大川内夏樹「北園克衛の「郷土詩」と「民族の伝統」―詩集『風土』・評論集『郷土詩論』を中心に」(『横光利一研究』11号、2013年3月)。

 

1 はじめに

2 地方文化運動/『鯤』/人類学・民俗学

3 「民族の伝統」と「技術性」

4 「郷土」を想起させるもの

5 「民族の伝統」と戦争

6 おわりに

 

北園克衛は1940年に突然『VOU』誌上で「宣言」を発表し、民族主義的な方向性を打ち出した。それを具体化したのが「郷土詩」である。それは詩集『風土』(昭森社、1943)と『郷土詩論』(昭森社、1944)として出版され注目を集めた。自らこれを愛国詩運動に連なるものと評したため、戦後否定的に評価を下される。

〇北園の「郷土詩」についての先行研究は、第1にモダニズム詩人の戦争協力、転向という側面から批判的に、第2に詩的実験の系譜への位置づけという側面からのアプローチがある。

〇ここでは大政翼賛会文化部による地方文化運動の理念や<大東亜共栄圏>構想についての言説との比較を試みる。

〇まず北園がいう「郷土」とは「民族の伝統」を保存する場所としての地方の生活環境である。北園が「郷土詩」について考え、意見を発表し始めるのは1941-42年であり、大政翼賛会文化部による地方文化運動が提起されていた時期にあたる。

〇確かに北園と地方文化運動は共鳴する点があったといえる。しかし、北園が最初に郷土詩を書いたとき、まだ大政翼賛会は発足していなかった。
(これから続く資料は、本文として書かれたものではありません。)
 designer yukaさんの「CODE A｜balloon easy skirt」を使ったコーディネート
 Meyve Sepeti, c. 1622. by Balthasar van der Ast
〇北園はこの頃欧米文学の受容から非西洋文化への関心を深めていった。伝統回帰といえる詩を書いた理由の一つとして、欧米のシュルレアリストたちが民俗学、人類学的観点から非西洋文化に関心をもったのと同様に、北園も民俗学、人類学的観点から日本の伝統をとらえなおし、新しい文学の可能性を見ていたからではないか。また柳田国男への関心も強い。

〇また北園の「郷土」からは故郷の喪失や不安といった感情は読み取りにくく、むしろそこから構築されていくべき新しい文化の方向性に力点が置かれ、<大東亜共栄圏>の思想に近づいていく。